**Given data:**
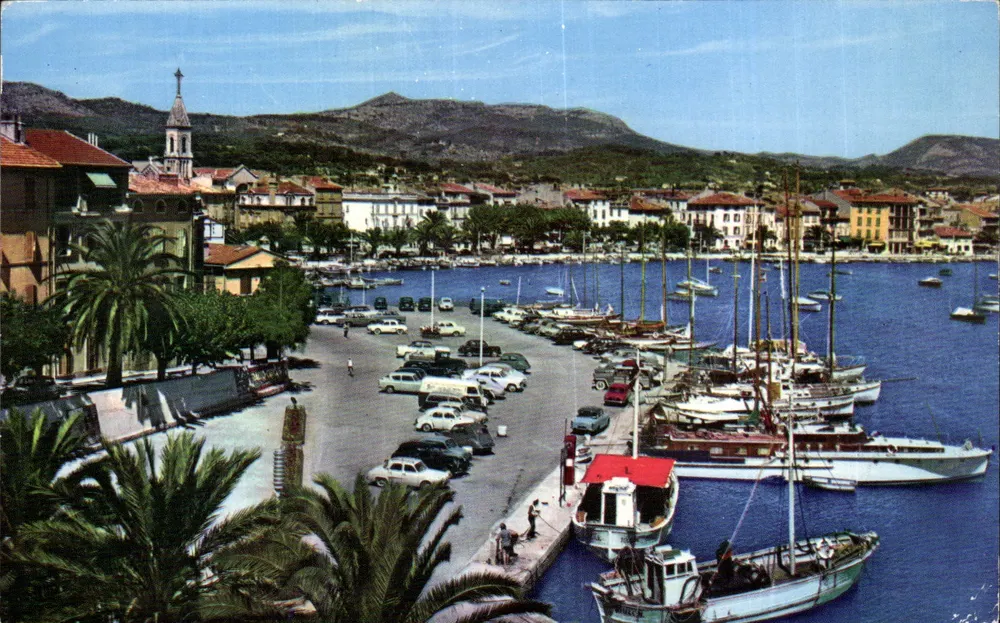 Sanary-sur-Mer — Vista geral — Ouleurs Naturelles - Frente
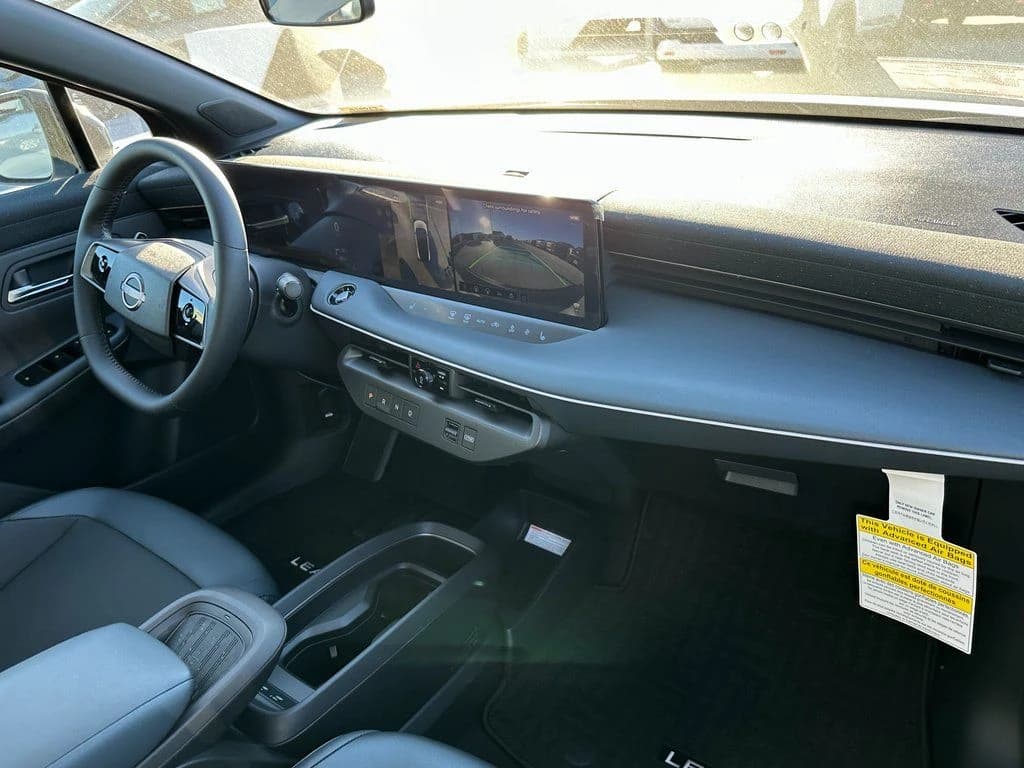 Nissan LEAF SV+ FWD 2026 — side view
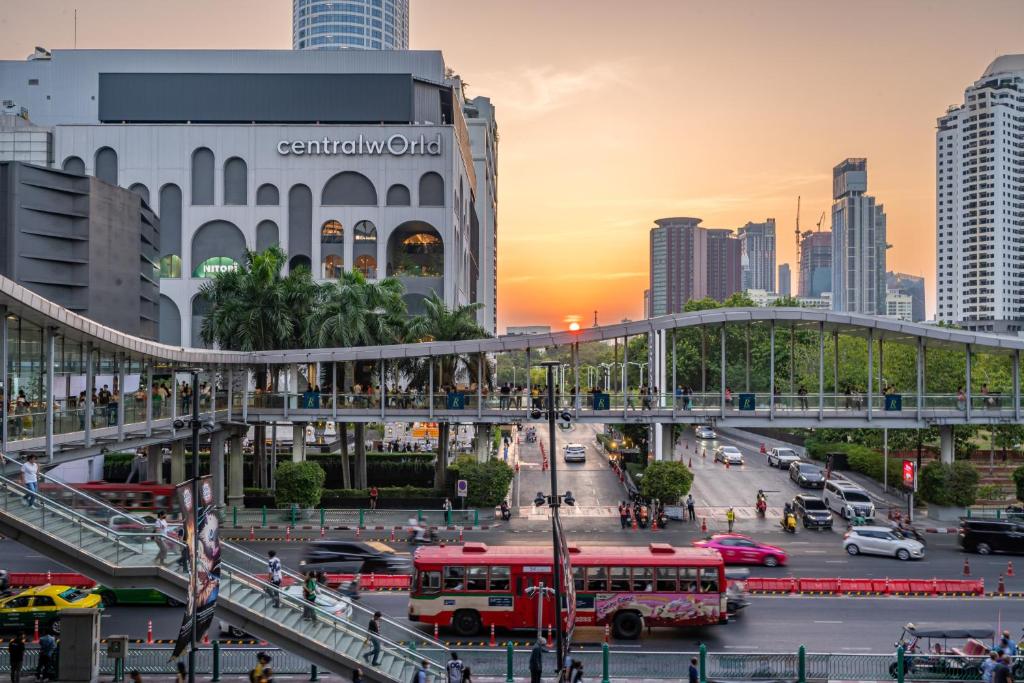 Moxy Bangkok Ratchaprasong - Resim 9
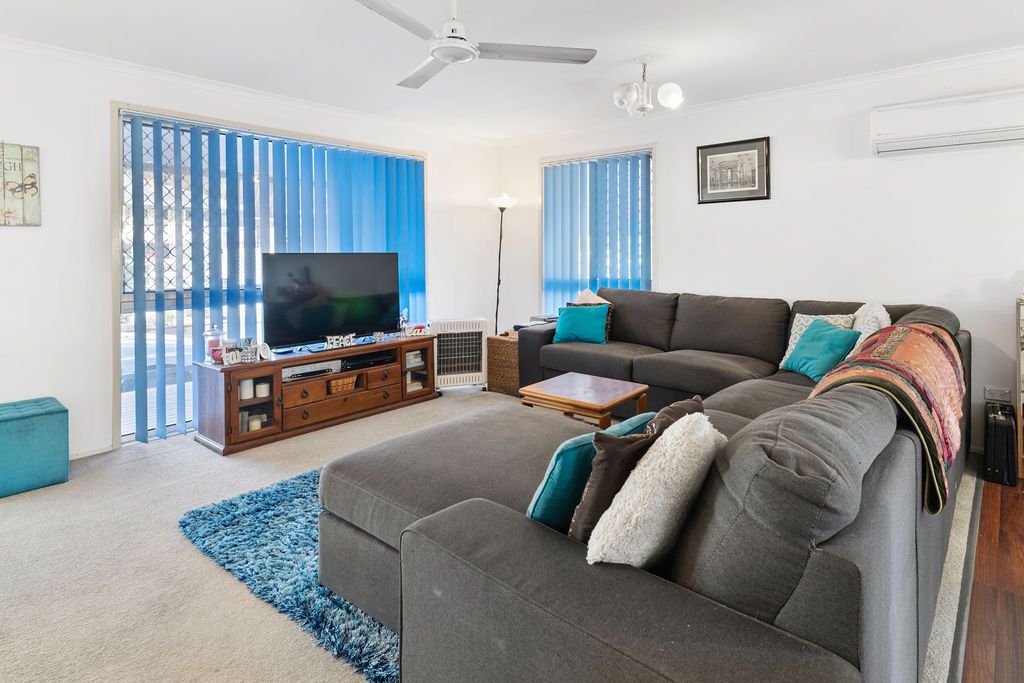 Neat as a pin 3 Bedroom, 2 bathroom in sought after Palm Lake Resort Bethania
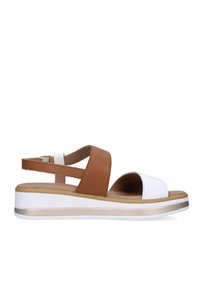 Sandal con tomaia in pelle beige e fascia anteriore bianca, cinturino regolabile alla caviglia e suola a piattaforma bianca e oro a strati.
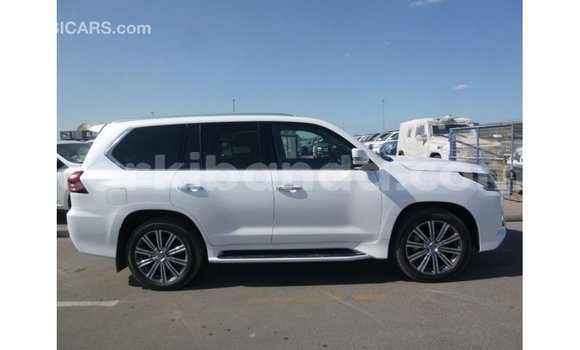 Gura Imported Lexus LX White Imodoka i Import - Dubai mu Uganda Gura Imported Lexus LX White Imodoka i Import - Dubai mu Uganda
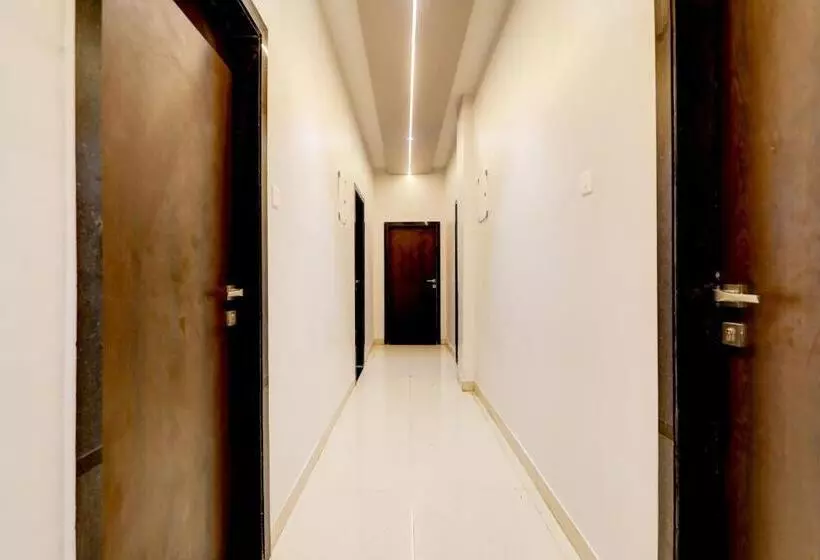 O Yuvraj Hotel Barshi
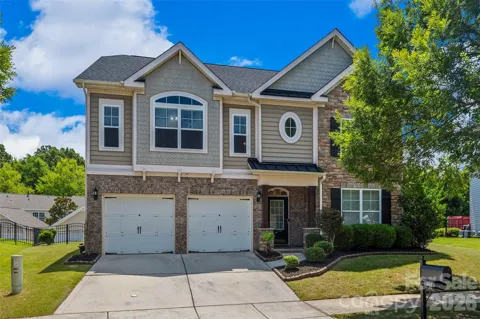 3025 Scottcrest Way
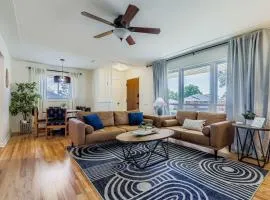 Colorful Colorado Home - 20 min to Denver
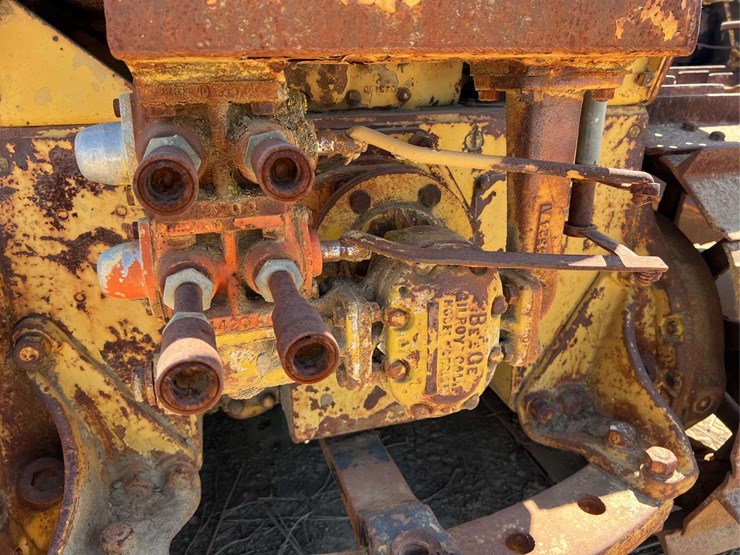 caterpillar-d6-image-32
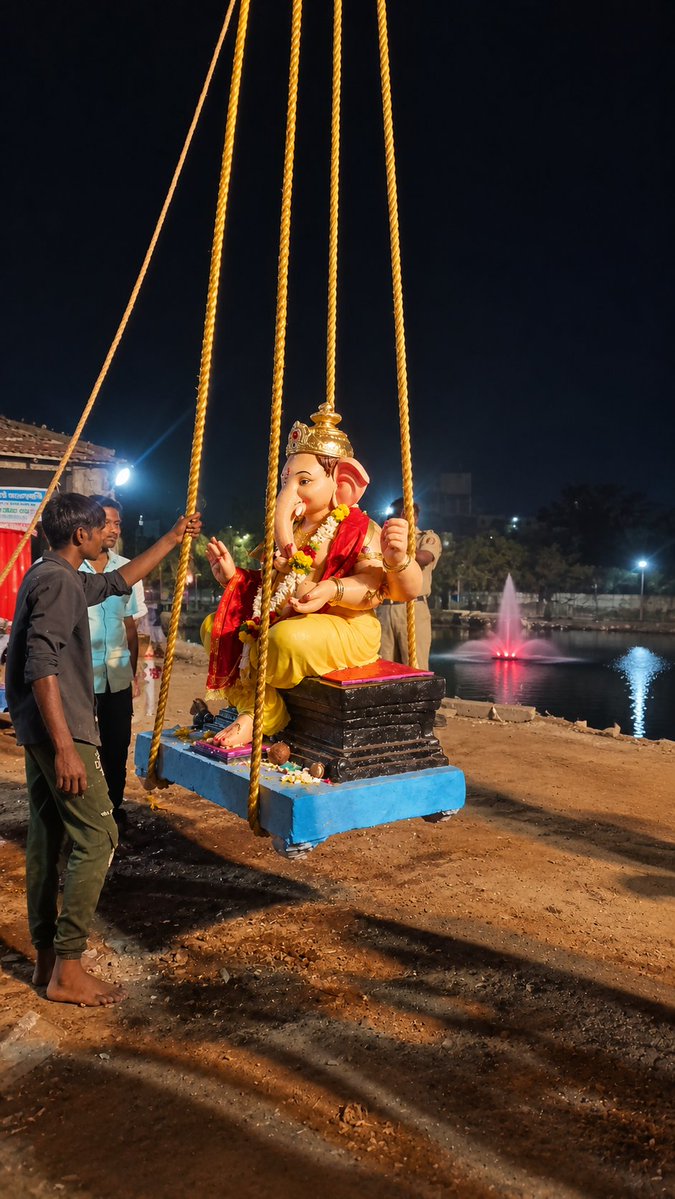 BhongaleSimona's tweet photo. पुढच्या वर्षी लवकर या 🙏🏻🥺 https://t.co/u5GPI1LKCT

**Directions:** Omit the images and transcribe all of the records above word for word.

**Final answer:**
 Sanary-sur-Mer — Vista geral — Ouleurs Naturelles - Frente
 Nissan LEAF SV+ FWD 2026 — side view
 Moxy Bangkok Ratchaprasong - Resim 9
 Neat as a pin 3 Bedroom, 2 bathroom in sought after Palm Lake Resort Bethania
 Sandal con tomaia in pelle beige e fascia anteriore bianca, cinturino regolabile alla caviglia e suola a piattaforma bianca e oro a strati.
 Gura Imported Lexus LX White Imodoka i Import - Dubai mu Uganda Gura Imported Lexus LX White Imodoka i Import - Dubai mu Uganda
 O Yuvraj Hotel Barshi
 3025 Scottcrest Way
 Colorful Colorado Home - 20 min to Denver
 caterpillar-d6-image-32
 BhongaleSimona's tweet photo. पुढच्या वर्षी लवकर या 🙏🏻🥺 https://t.co/u5GPI1LKCT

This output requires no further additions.